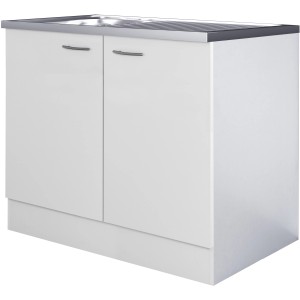 Flex-Well Komplettspüle Wito, 100x60 cm, weiß, mit Edelstahl-Auflagespüle und zwei Drehtüren.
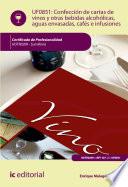 Libro Confección de cartas de vinos, otras bebidas alcohólicas, aguas envasadas, cafés e infusiones. HOTR0209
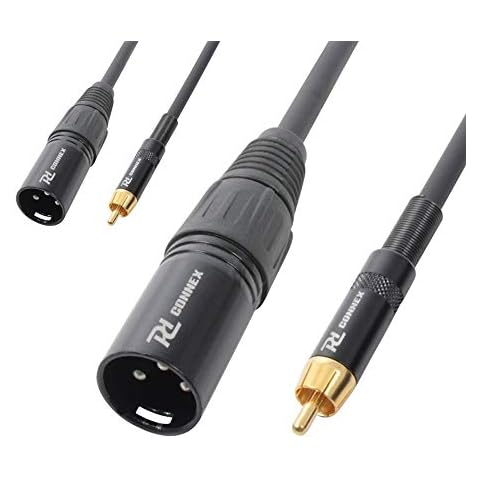 Pair 3 Pin Male XLR to Single Male RCA Phono Plug Audio Mic Cables Lead 3m 10ft Cover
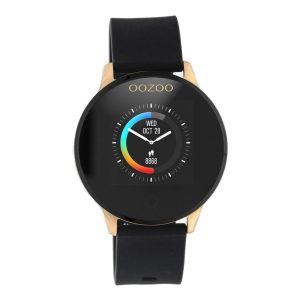 Oozoo Timepieces Smartwatch Black Rubber Strap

PROBLEM DESCRIPTION
Starting from the line that has "Pair 3 Pin Male" and ending at the last line of the material above, every line should be output exactly; pictures are dropped and nothing else appears.

WORKED SOLUTION
 Pair 3 Pin Male XLR to Single Male RCA Phono Plug Audio Mic Cables Lead 3m 10ft Cover
 Oozoo Timepieces Smartwatch Black Rubber Strap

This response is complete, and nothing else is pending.